Drawn from my Editor’s Note in the July-August issue of Relix. Be sure to pick up Ouroboros and check out Ray LaMontagne with MMJ over the coming weeks while you still can…

I think Jim James said it best.

When discussing some of the pushback that Ray LaMontagne received after completing Ouroboros —his absorbing new album comprising two seamless, segued suites and no iTunes-ready singles—James observed, “ Dark Side of the Moon and What’s Going On are not only artistically successful, they’re two of the most commercially successful records of all time. You would think that major labels would see this and say, ‘Hey, there’s a way we can have both. We can let the artist be creative. We can let the artist make this wild, cool, giant piece of music, but it also can be hugely commercially successful.’”

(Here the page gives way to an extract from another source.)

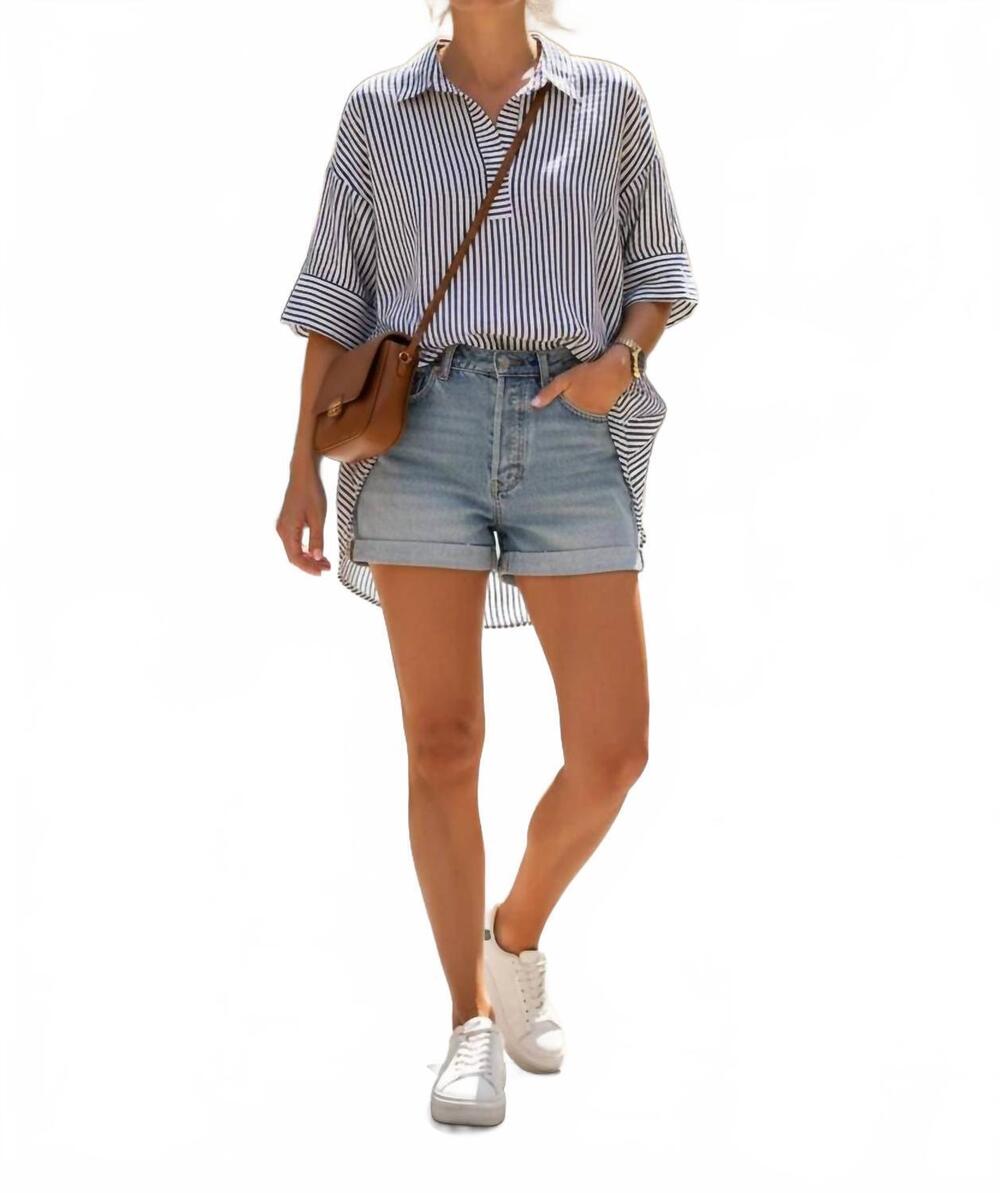 NEW SHE + SKY women's short sleeve oversized striped top in black white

This, to me, is precisely the point. In the ongoing dichotomy of art and commerce that musicians often face, which seems all the more stark in 2016, there can yet be a vibrant nexus of artistic achievement. From a label’s perspective, our current era must feel like a throwback to the age of singles in the 1950s and early ’60s. On the other hand, as I wrote in this issue’s cover story, “a record like Ouroboros is not only the antithesis, it may also be the antidote to this sort of thinking, as there are plenty of consumers who are looking for something more substantive and ambitious that will reverberate.”

I suspect that you’ll back me on this one.

Some of what inspired LaMontagne to conceive Ouroboros is a reminder of his halcyon days and the ritual of collectively savoring albums with friends. He still celebrates “that whole experience of listening to the first side, then when you get to the end, everyone takes a breath and there’s a moment where you get another drink or you roll a joint and then everyone is like, ‘OK, are we ready? We’re going back in.’ It’s just a big communal experience.”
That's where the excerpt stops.